• _ASSIGNMENT_
With the pictures excluded, repeat every entry exactly.

=======

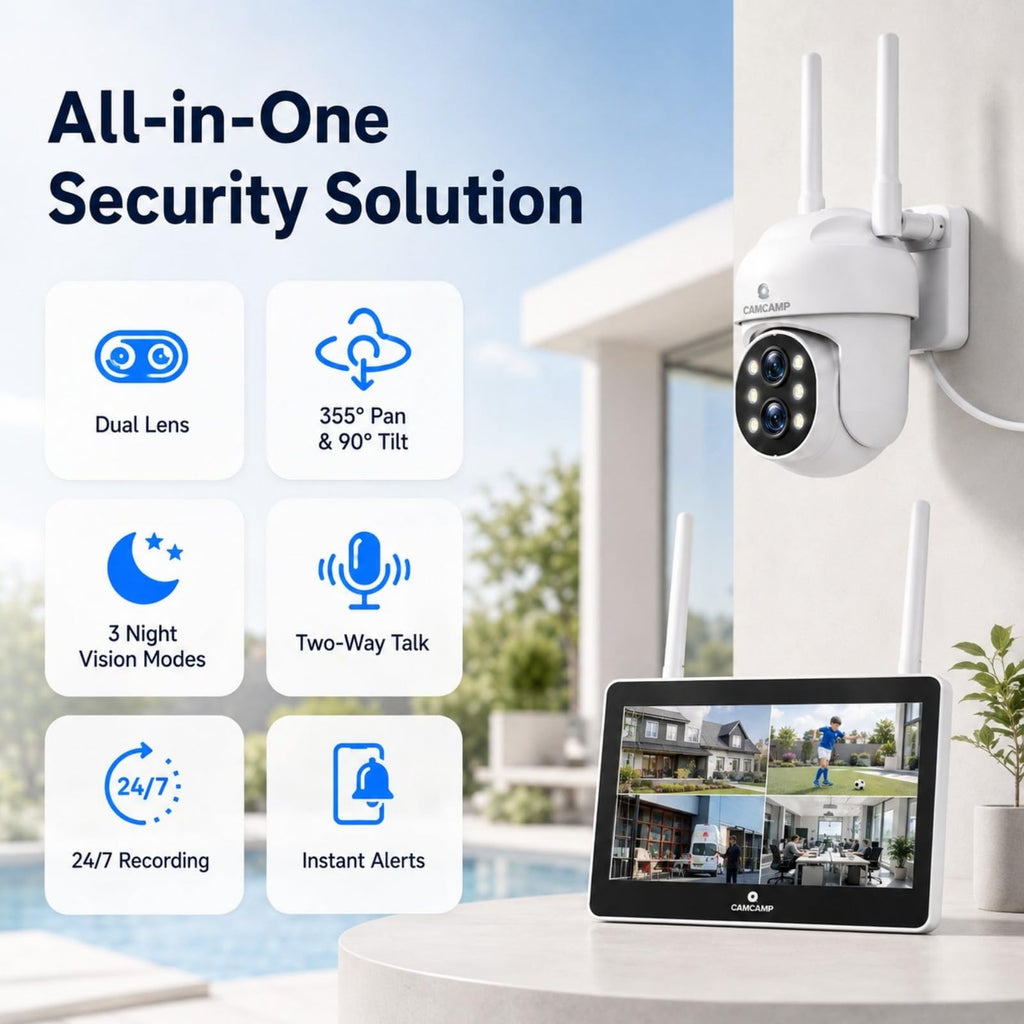 Camcamp Wireless Security Camera System with Monitor, 4 PTZ Outdoor Cameras
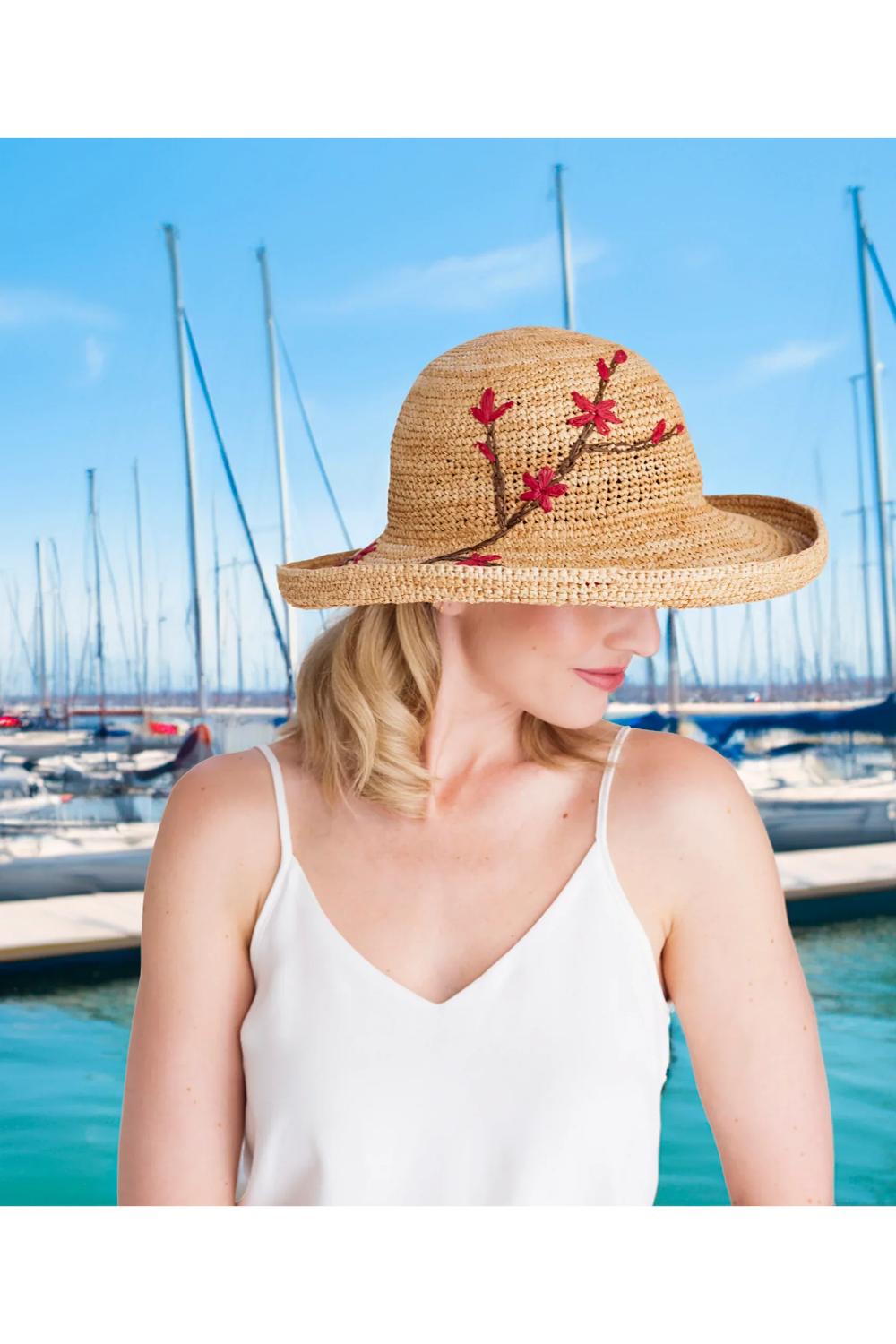 Beige Vanessa - Embroidered Raffia Hat, Image 2 of 2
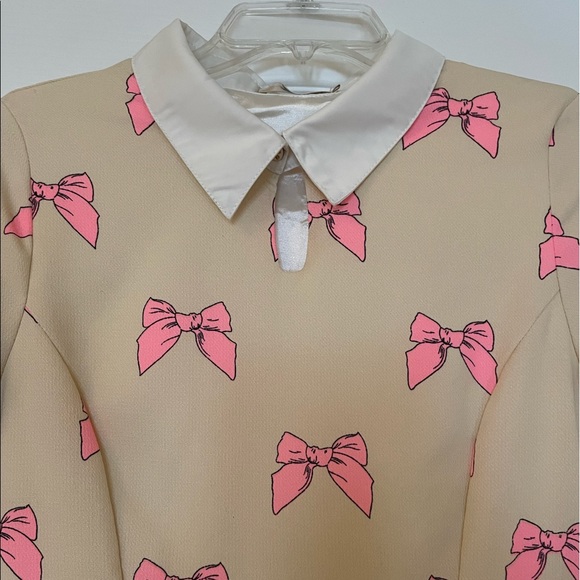 Power Sweet Bow Print Collar Pink Tan Bow Dress - Picture 8 of 15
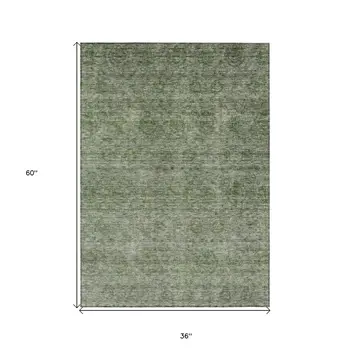 3' X 5' Olive Green And Beige Floral Washable Indoor Outdoor Area Rug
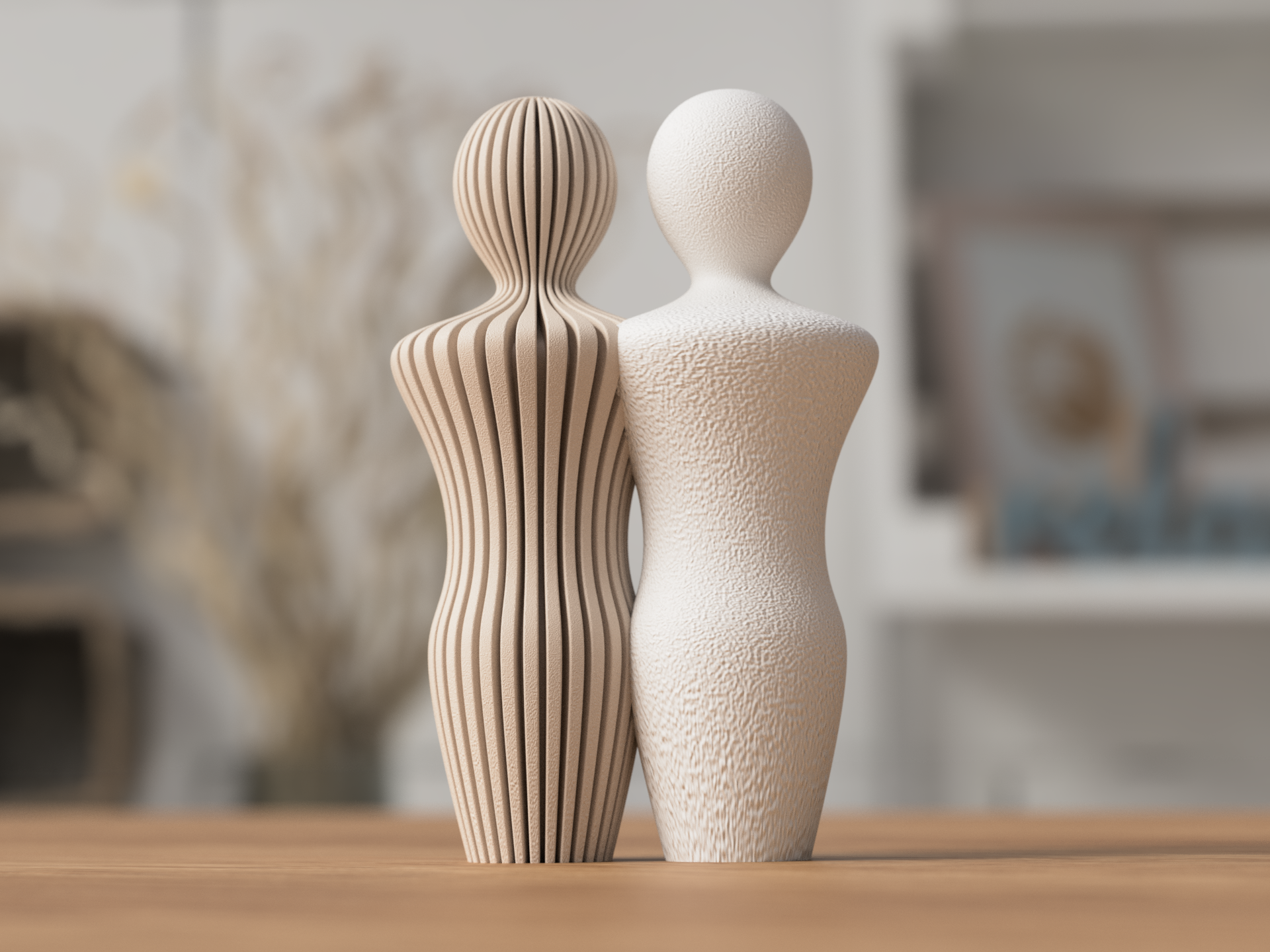 Couple Statue Sculpture | Modern 3D Printed Home Décor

=======

• _RESULT_
 Camcamp Wireless Security Camera System with Monitor, 4 PTZ Outdoor Cameras
 Beige Vanessa - Embroidered Raffia Hat, Image 2 of 2
 Power Sweet Bow Print Collar Pink Tan Bow Dress - Picture 8 of 15
 3' X 5' Olive Green And Beige Floral Washable Indoor Outdoor Area Rug
 Couple Statue Sculpture | Modern 3D Printed Home Décor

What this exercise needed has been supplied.